Remember to set the notification e-mail in the parameters before deploying the SNS stack; or customize the template with a subscriber for whatever notification channel (Slack, SMS, ...) you prefer. You can always add more subscribers to the topic later.

arun stack create "$LITTLE_HOME/lib/cloudformation/accountSetup/snsNotify.json" "$LITTLE_HOME/db/cloudformation/YourAccountNameHere/accountSetup/snsNotify.json"
  • setup alarms

Update the stack parameter files for the alaram stacks (AWS/db/YourAccount/accountSetup/*Alarm.json) to reference the new SNS topic (aws sns list-topics) before deploying the following stacks:

arun stack create "$LITTLE_HOME/lib/cloudformation/accountSetup/guardDuty.json" "$LITTLE_HOME/db/cloudformation/YourAccountNameHere/accountSetup/guardDuty.json"

arun stack create "$LITTLE_HOME/lib/cloudformation/accountSetup/budgetAlarm.json" "$LITTLE_HOME/db/cloudformation/YourAccountNameHere/accountSetup/budgetAlarm.json"

arun stack create "$LITTLE_HOME/lib/cloudformation/accountSetup/rootAccountAlarm.json" "$LITTLE_HOME/db/cloudformation/YourAccountNameHere/accountSetup/rootAccountAlarm.json"
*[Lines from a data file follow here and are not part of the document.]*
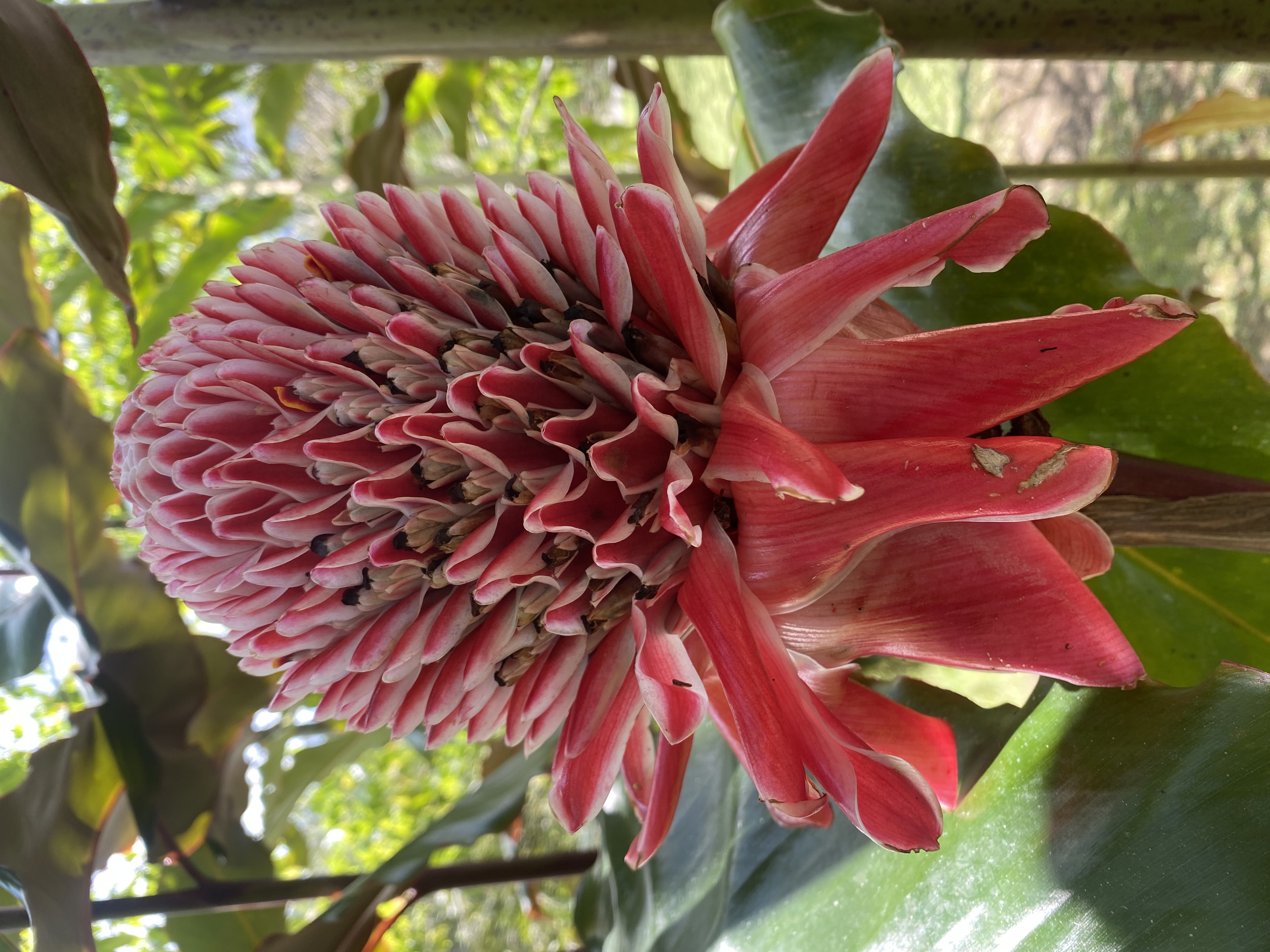 Torch ginger flower in the Verdesana gardens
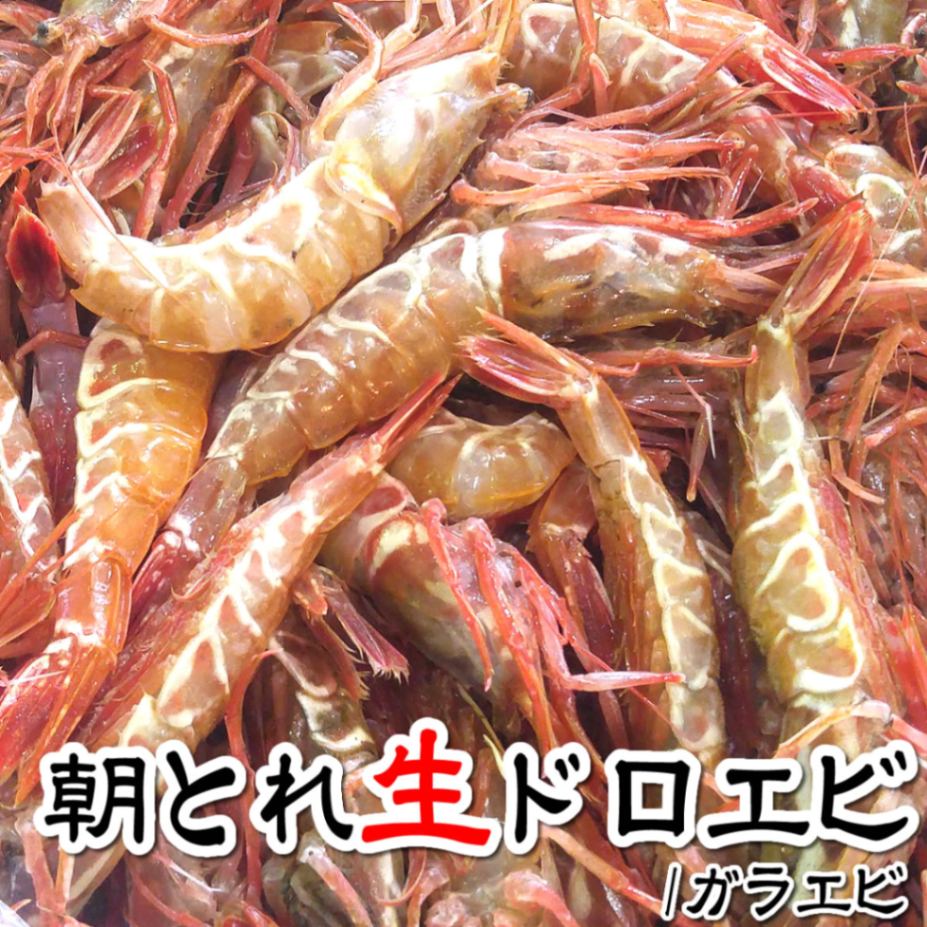 （旬もの予約・送料無料セール）どろえび（がらえび）【生】約1ｋｇ【浜坂産】知る人ぞ知る！日本海の隠れた逸品！（クロザコエビ・ドロエビ・ガサエビ・ガラエビ）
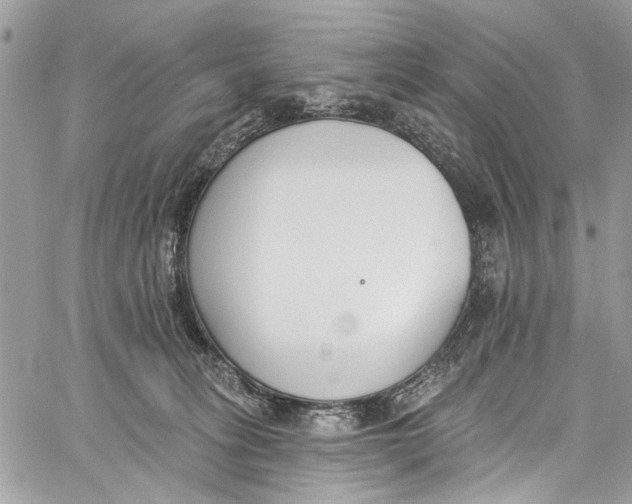 X0000060270275200511181427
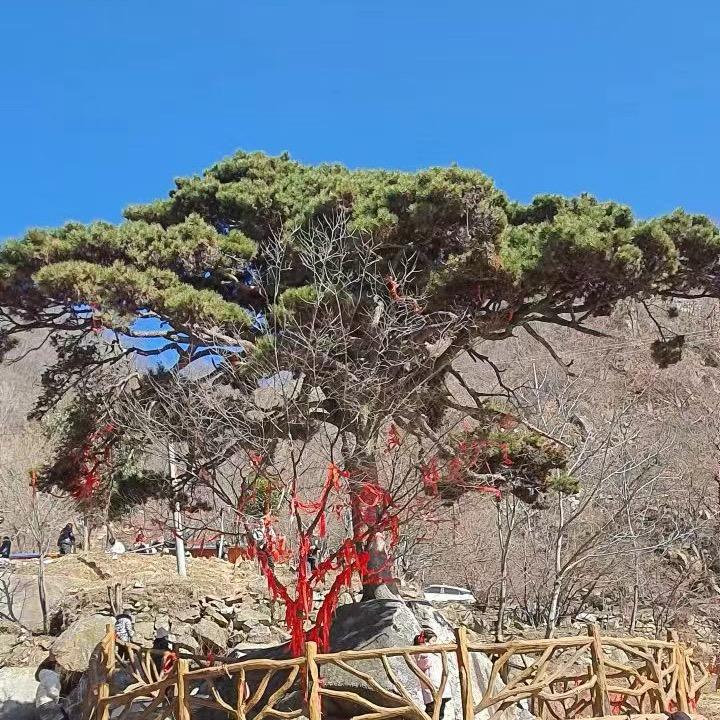 温州男女鞋批发零售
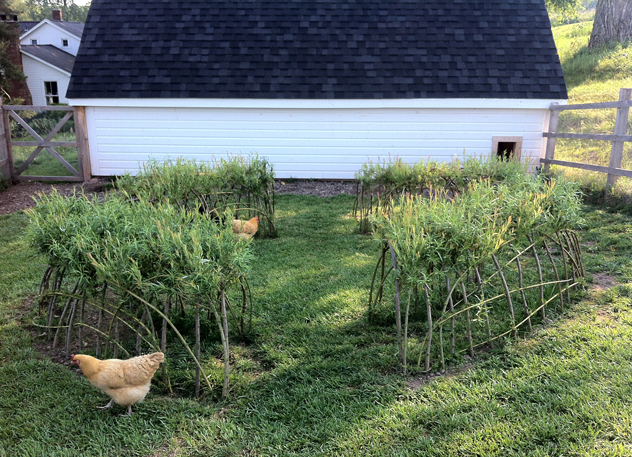 willow hoops leafed out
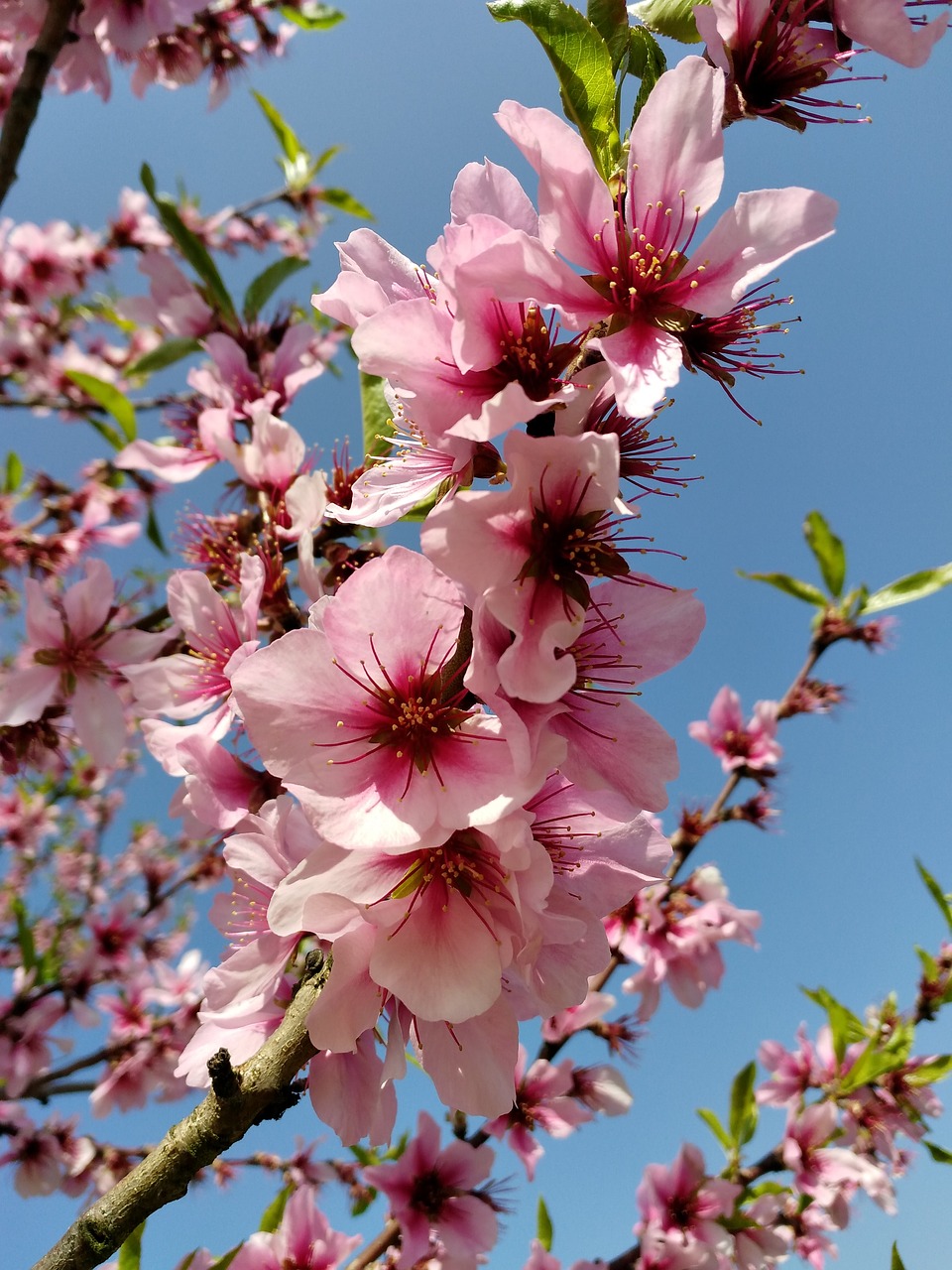 Image - flowers spring pink tree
arun stack create "$LITTLE_HOME/lib/cloudformation/accountSetup/iamAlarm.json" "$LITTLE_HOME/db/cloudformation/YourAccountNameHere/accountSetup/iamAlarm.json"

Summary

We presented a simple way to secure API access in a new AWS account with authentication, authorization, a tagging strategy, a notification topic in SNS, basic cloudtrail logging, guard duty monitoring, and a few alarms. This simple setup is just a first step for a small team's journey into cloud security. A more sophisticated deployment would leverage AWS organizations and SSO. A larger organization may setup configuration rules, administrative accounts for centralized logging and alerts, and the journey goes on and on (we haven't even deployed an application yet).